WHAT YOU ARE ASKED TO DO:
The complete set of records should be given again verbatim.

AVAILABLE DATA:
___

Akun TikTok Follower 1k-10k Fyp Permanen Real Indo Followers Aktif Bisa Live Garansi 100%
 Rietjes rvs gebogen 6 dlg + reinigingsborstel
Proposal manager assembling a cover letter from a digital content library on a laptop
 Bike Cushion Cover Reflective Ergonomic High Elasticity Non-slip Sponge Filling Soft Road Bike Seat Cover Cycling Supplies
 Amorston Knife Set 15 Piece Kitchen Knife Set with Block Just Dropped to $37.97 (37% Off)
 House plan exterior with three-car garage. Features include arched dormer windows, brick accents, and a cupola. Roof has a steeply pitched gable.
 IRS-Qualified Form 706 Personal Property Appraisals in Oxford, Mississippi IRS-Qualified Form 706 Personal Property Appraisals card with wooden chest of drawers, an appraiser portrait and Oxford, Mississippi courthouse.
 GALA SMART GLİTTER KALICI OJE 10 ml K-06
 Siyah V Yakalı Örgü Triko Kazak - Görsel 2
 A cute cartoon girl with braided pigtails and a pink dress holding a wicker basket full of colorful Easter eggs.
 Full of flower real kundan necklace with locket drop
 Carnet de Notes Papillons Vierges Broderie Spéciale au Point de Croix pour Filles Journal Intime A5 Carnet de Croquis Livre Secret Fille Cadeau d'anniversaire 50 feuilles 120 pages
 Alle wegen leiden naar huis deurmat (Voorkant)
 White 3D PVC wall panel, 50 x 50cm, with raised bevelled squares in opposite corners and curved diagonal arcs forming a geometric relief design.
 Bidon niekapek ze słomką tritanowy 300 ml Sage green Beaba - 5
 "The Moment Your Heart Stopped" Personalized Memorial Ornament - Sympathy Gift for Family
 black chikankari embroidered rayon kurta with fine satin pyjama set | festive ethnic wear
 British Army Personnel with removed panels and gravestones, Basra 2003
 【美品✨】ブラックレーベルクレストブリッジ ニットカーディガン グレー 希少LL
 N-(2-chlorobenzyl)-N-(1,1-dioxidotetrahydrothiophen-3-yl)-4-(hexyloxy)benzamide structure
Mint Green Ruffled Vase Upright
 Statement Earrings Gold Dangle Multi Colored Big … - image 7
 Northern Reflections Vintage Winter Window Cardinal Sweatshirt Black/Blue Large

___

RESULT OF THE EXERCISE:
Akun TikTok Follower 1k-10k Fyp Permanen Real Indo Followers Aktif Bisa Live Garansi 100%
 Rietjes rvs gebogen 6 dlg + reinigingsborstel
Proposal manager assembling a cover letter from a digital content library on a laptop
 Bike Cushion Cover Reflective Ergonomic High Elasticity Non-slip Sponge Filling Soft Road Bike Seat Cover Cycling Supplies
 Amorston Knife Set 15 Piece Kitchen Knife Set with Block Just Dropped to $37.97 (37% Off)
 House plan exterior with three-car garage. Features include arched dormer windows, brick accents, and a cupola. Roof has a steeply pitched gable.
 IRS-Qualified Form 706 Personal Property Appraisals in Oxford, Mississippi IRS-Qualified Form 706 Personal Property Appraisals card with wooden chest of drawers, an appraiser portrait and Oxford, Mississippi courthouse.
 GALA SMART GLİTTER KALICI OJE 10 ml K-06
 Siyah V Yakalı Örgü Triko Kazak - Görsel 2
 A cute cartoon girl with braided pigtails and a pink dress holding a wicker basket full of colorful Easter eggs.
 Full of flower real kundan necklace with locket drop
 Carnet de Notes Papillons Vierges Broderie Spéciale au Point de Croix pour Filles Journal Intime A5 Carnet de Croquis Livre Secret Fille Cadeau d'anniversaire 50 feuilles 120 pages
 Alle wegen leiden naar huis deurmat (Voorkant)
 White 3D PVC wall panel, 50 x 50cm, with raised bevelled squares in opposite corners and curved diagonal arcs forming a geometric relief design.
 Bidon niekapek ze słomką tritanowy 300 ml Sage green Beaba - 5
 "The Moment Your Heart Stopped" Personalized Memorial Ornament - Sympathy Gift for Family
 black chikankari embroidered rayon kurta with fine satin pyjama set | festive ethnic wear
 British Army Personnel with removed panels and gravestones, Basra 2003
 【美品✨】ブラックレーベルクレストブリッジ ニットカーディガン グレー 希少LL
 N-(2-chlorobenzyl)-N-(1,1-dioxidotetrahydrothiophen-3-yl)-4-(hexyloxy)benzamide structure
Mint Green Ruffled Vase Upright
 Statement Earrings Gold Dangle Multi Colored Big … - image 7
 Northern Reflections Vintage Winter Window Cardinal Sweatshirt Black/Blue Large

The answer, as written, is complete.